Missouri Secretary of State Jay Ashcroft
Missouri Secretary of State Jay Ashcroft

Missouri Secretary of State Jay Ashcroft on Wednesday called voter fraud “an exponentially greater threat than hacking” to the U.S. election system.

But Ashcroft also testified during a hearing on Capitol Hill that his office detects 100,000 scans per day on its computer systems — possibly from hackers trying to break in.

“We cannot say which of those are targeted to elections,” Ashcroft told the panel of senators. “We have to treat them as if they’re all targeted to elections because if they find one way in, they’ll go from there to elections. So we treat them all as attacks.”

Ashcroft was in Washington to testify about election security with other secretaries of state. Missouri Sen.
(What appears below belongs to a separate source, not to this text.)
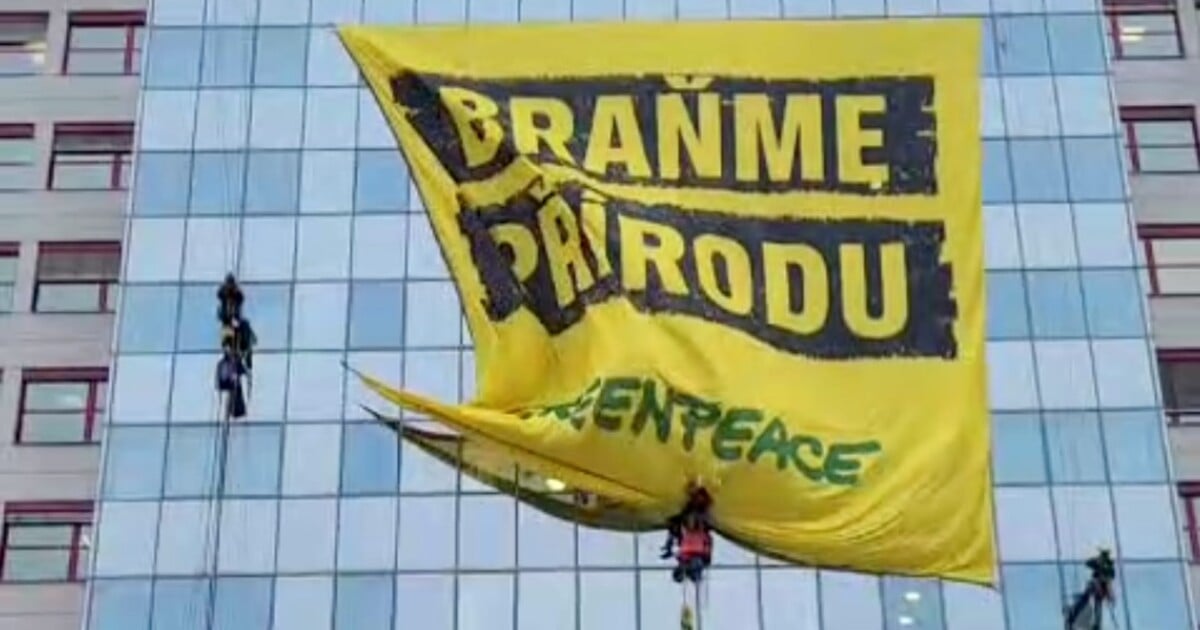 „Braňme přírodu.“ Aktivisté Greenpeace na protest obsadili ministerstvo životního prostředí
Roy Blunt chairs the Senate Rules Committee, which held the hearing.

Ashcroft opened his remarks by pushing back on concerns that outside actors threatened the integrity of U.S. elections during the 2016 election cycle.

“While these are serious allegations, it is vitally important to understand that after two years of investigation there is no credible — and I can strike credible and just put evidence — there is no evidence that these incidents caused a single vote or a single voter registration to be improperly altered during the 2016 election cycle,” Ashcroft said. “It was not our votes or our election systems that were hacked — it was the people’s perception of our elections.”

This is not to say U.S. elections are perfect, that there was no fraud or that there was no unlawful corruption of votes, he said.

“The evidence indicates that voter fraud is an exponentially greater threat than hacking of our election equipment,” he said.

Ashcroft cited a 2010 Missouri House primary election that was determined by a single vote. Missouri Rep. John Joseph Rizzo’s relatives later admitted to illegally claiming a Kansas City address. Their two votes could have changed the results of the primary.

Rizzo said at the time that he wasn’t aware of the illegal votes.

Ashcroft made voter fraud, and the implementation of a photo ID requirement to vote to prevent fraud, a cornerstone of his successful 2016 campaign for secretary of state. The Rizzo race was an oft-cited example of the type of fraud he said exists in Missouri elections.

His critics are quick to note that Rizzo's relatives committed registration fraud, not voter impersonation fraud, and thus would not have been thwarted by a photo ID requirement to vote. There has never been a reported case of voter impersonation fraud in Missouri.

Ashcroft's testimony came two days after a federal judge struck down a Kansas law intended to prevent voter fraud by requiring people to provide proof of citizenship, such as a passport or birth certificate, before they could register to vote.

In a three-week trial earlier this year, the judge found, Kansas Secretary of State Kris Kobach failed to show convincing evidence of voter fraud. She also found that the law disproportionately affects rightful voters.

Senate Democrats at the hearing took issue with Ashcroft’s assertion that voter fraud was an “exponentially” bigger threat to election security than hacking.

Sen. Dick Durbin's state, Illinois, was one of 21 whose voter files were targeted by hackers at the behest of the Russian government in the 2016 cycle.

“They had the capacity, thank goodness they didn’t use it, to change just a digit on each of our addresses and make a chaotic situation at polling places when people turned up to vote. … They didn’t do it but the threat was there,” Durbin said.

By contrast, he said, “I can count on both hands cases of voter fraud in the state of Illinois in the past several election cycles.”

Nevada Sen. Catherine Cortez Masto also chastised Ashcroft for saying voter fraud was a bigger threat than hacking.

“I was attorney general from 2007 to 2014 and I can count on one hand the type of voter fraud that we saw, and most important, not only did we see it, we caught it and we prosecuted it,” she said. “So this idea that somehow there was widespread voter fraud occurring across this country … is false. So we need to correct the record.”

The Star's Jason Hancock contributed to this article.